A tal proposito, il romanzo di Valerio Massimo Manfredi, L’Impero dei draghi, ci porta tra realtà e fantasia, seguendo la Via della seta, sino alla città di Luoyang, capitale del regno Wei, in una vicenda avventurosa di un manipolo di soldati romani dispersisi dopo una resa incondizionata nel regno persiano. A questo riguardo le testimonianze archeologiche di statue e bassorilievi con fattezze occidentali sono una conferma indiscutibile dell’ancestrale melting pot.
Dal mio punto di vista, se tornassimo a ripensare alla centralità dell’uomo dovremmo anche rituffarci nella storia con queste antiche contaminazioni che fortunatamente stanno riprendendo importanza e vigore.

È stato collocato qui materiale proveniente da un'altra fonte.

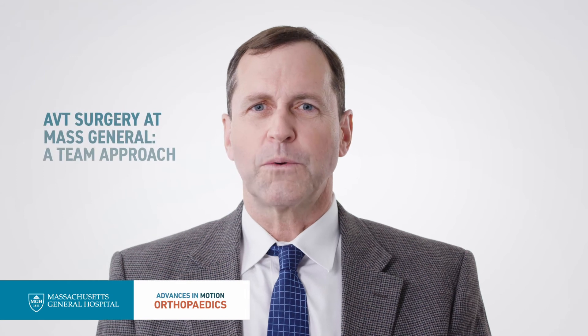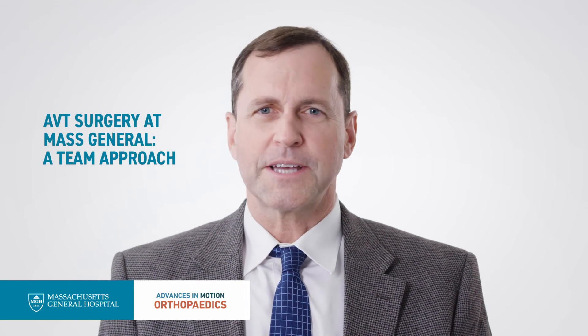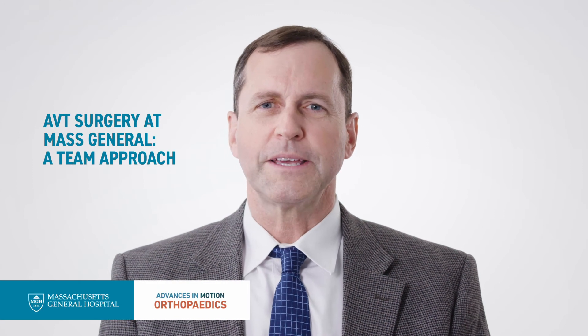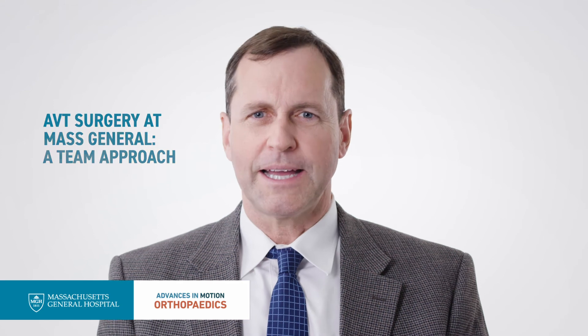The one thing we pride ourselves on — we think it makes us different here with our anterior vertebral tethering program — is that we work as a team. We do all of these operations together with Dr. Braun, who really was the mind behind the tethering procedure, and Dr. Lawler, who is one of my pediatric surgery colleagues and our access surgeon. Every patient is treated by all three of us as a team, and we think this makes us distinct from other places that perform this in the world.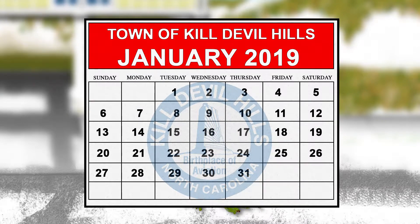In the town of Kill Devil Hills, the town will be collecting natural trees from the curbside beginning on Wednesday, January 9th. Trees need to be placed on the curb no later than Tuesday, January 8th.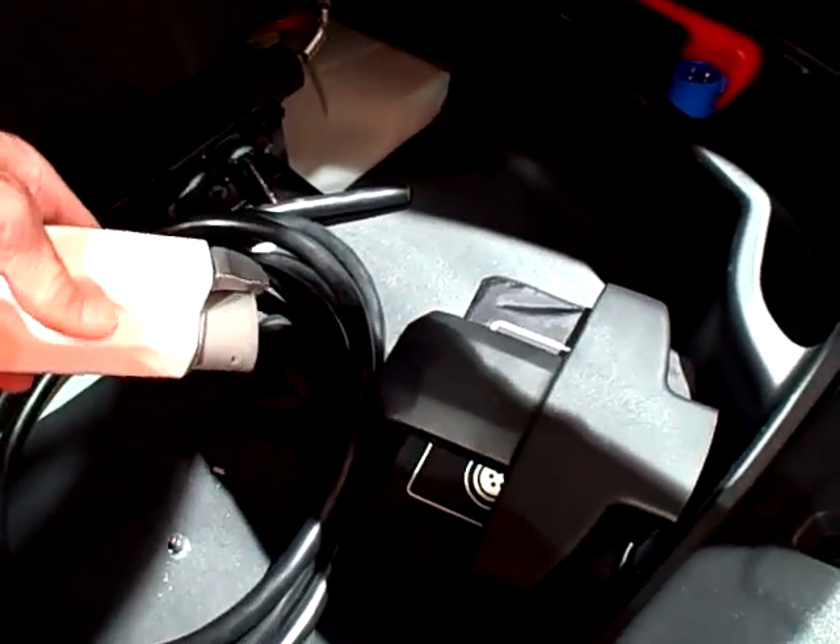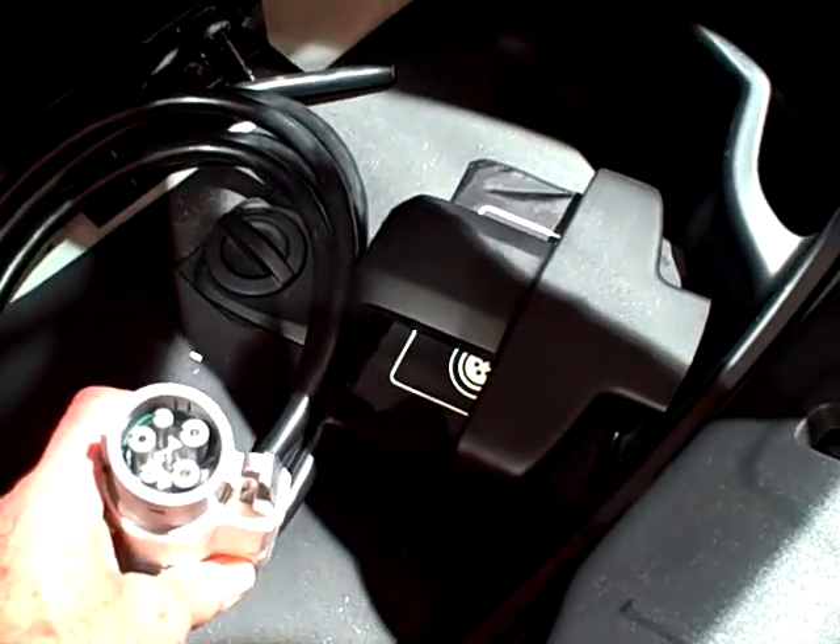There's a lot of junk in there. Oh, this is the connector? This is the connector that we most likely will use in Europe. It's called a Mennekes.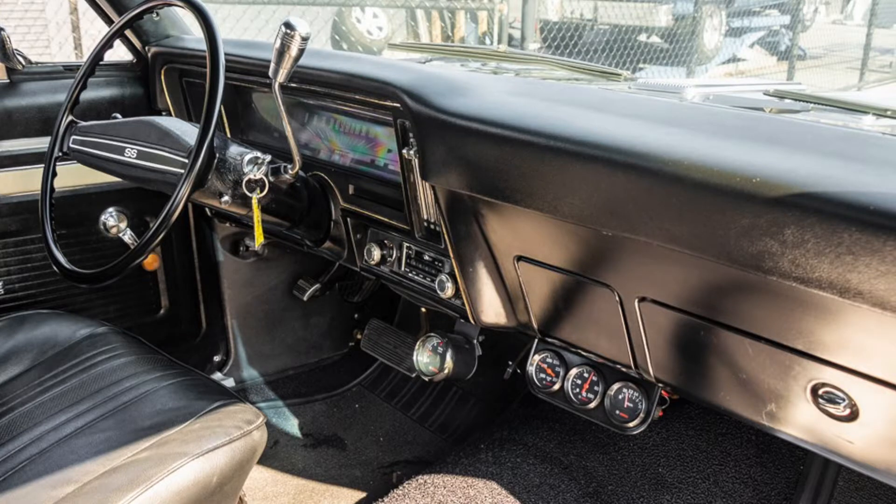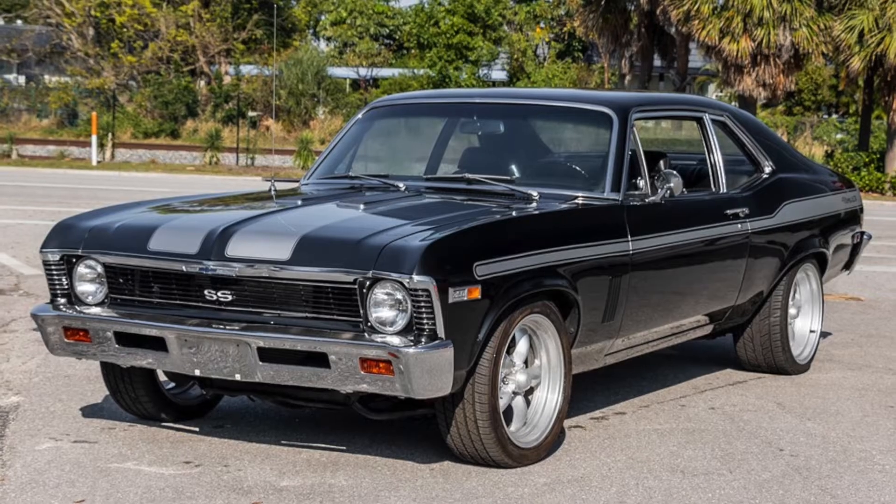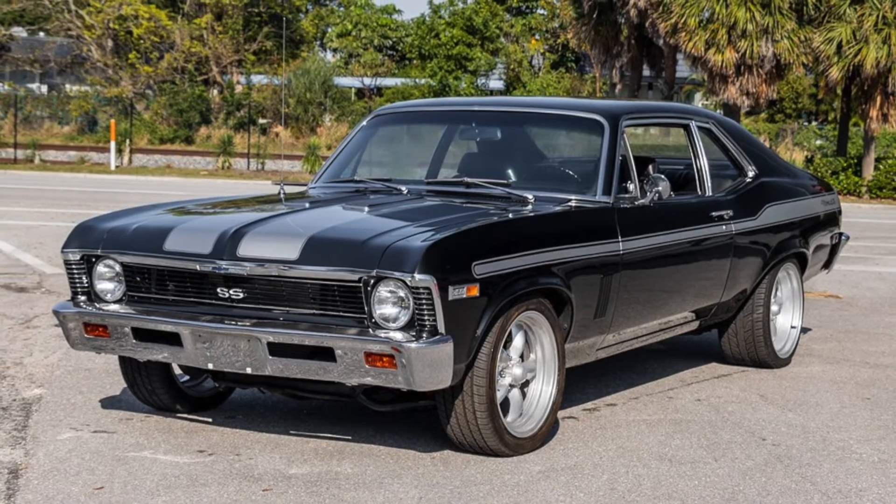It also features polished aluminum wheels, black vinyl interior, disc front brakes, chrome details under the hood, and a MSD ignition system.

Nei XVII secolo, nelle missioni di religiosi italiani, il cui capostipite è stato Matteo Ricci,sempre dalla Sicilia, sono partiti gesuiti come Prospero Intorcetta, che da Piazza Armerina è giunto ad Hangzhou, città tanto cara a Marco Polo.
Altri gesuiti, sempre siciliani, attratti dalle terra delle Indie sono stati Ludovico Buglio di Mineo, Francesco Brancati e Niccolò Longobardo. L’impegno di questi missionari siciliani non solo è stato quello di trasmettere la fede ma anche quello di integrarsi attraverso la conoscenza ermeneutica di testi cinesi tradotti in latino:sono stati quindi i primi sinologi. Preciso che, a rigor di cronaca, ho attinto queste sommarie informazioni da un interessante articolo redatto nel giugno 2017, da Amelia Crisantino.
Forse, sempre con l’occhio rivolto al passato, possiamo azzardare che vi fossero più scambi culturali e religiosi accompagnati da una profonda volontà di conoscenza che poi facilitava anche il libero commercio. Oggi, ancorché la comunicazione è veloce e diversificata ma nello stesso tempo generalista, si è tutto ridotto al semplice business che peraltro trova in questo momento grosse difficoltà di implementazione per le diverse politiche nazionali.
Questa visita palermitana potrebbe essere la base per un nuovo assetto culturale tra Italia e Cina.
* general manager di Savino Del Bene, azienda di trasporti internazionali e logistica, attiva in Cina da oltre 25 anni.